What guidelines should an employer provide to employees conducting office pools?

Author: Jill Gormley, Strong and Clear Communications

An employer that will allow workplace gambling activities such as office pools should first consider how much gambling activity to allow.

For example, an employer may choose to permit a Super Bowl pool or a casino-themed holiday party, but ban a season-long fantasy football league or poker tournament.

After deciding the circumstances in which to permit gambling, the employer should ensure that all employees are aware of them. An employer should then consider whether the employer will permit employees to use workplace resources such as computers and email to conduct such pools and set forth parameters for such use.

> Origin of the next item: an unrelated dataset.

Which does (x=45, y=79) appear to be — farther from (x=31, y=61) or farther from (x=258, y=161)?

Employers may require the employees to limit discussion or participation in the gambling to off-work hours and/or break times. Employers also may choose to limit the cost of participating in any pool by making a rule that participation in the workplace Super Bowl pool may cost no more than $5.00, for example.

Employers are advised to monitor the amount of time employees are spending on gambling activities and adjust the policy if necessary. If an employer chooses to permit office pools, employers should make sure that those employees who choose not to participate or whose religion prohibits gambling do not suffer any negative harassment.

Employers should also be careful and review state gambling laws, as some state laws include office pools in illegal gambling. If an employer has employees in multiple states, the employer should consider whether it is inadvertently condoning illegal behavior and whether an employer-wide policy related to gambling is appropriate.